George Sefcik (December 27, 1939 – January 23, 2016), was an American football coach. He was the offensive coordinator of the Kansas City Chiefs in 1988, and the Atlanta Falcons from 1997 through 2001. He coached in 2 Super Bowls - XXXIII with the Atlanta Falcons and XVI with the Cincinnati Bengals. He has a total of 29 years coaching experience in the National Football League as an assistant coach and offensive coordinator.

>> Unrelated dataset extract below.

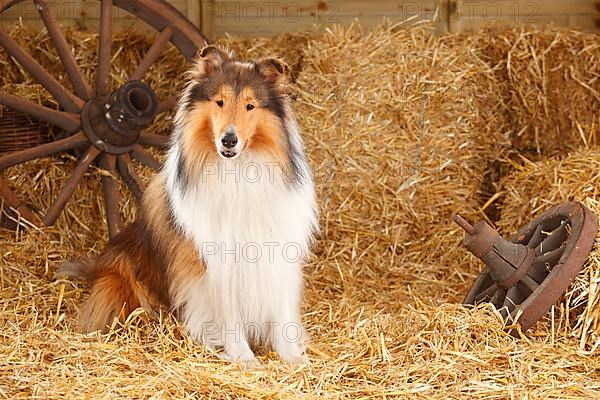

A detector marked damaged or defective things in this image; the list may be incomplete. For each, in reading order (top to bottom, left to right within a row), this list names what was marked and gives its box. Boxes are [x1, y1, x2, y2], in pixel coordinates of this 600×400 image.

He was also a college football coach and offensive coordinator for 9 years.

Sefcik played football and baseball (3 year lettermen) for the University of Notre Dame in South Bend, Indiana from 1959 through 1962.

Sefcik played football and baseball (3 year lettermen) for Benedictine High School in Cleveland, Ohio from 1955 through 1958. He was a member of the 1957 Benedictine football team state champions and played/started at 4 positions - left halfback (offense), safety (defense), kicker and punter (special teams).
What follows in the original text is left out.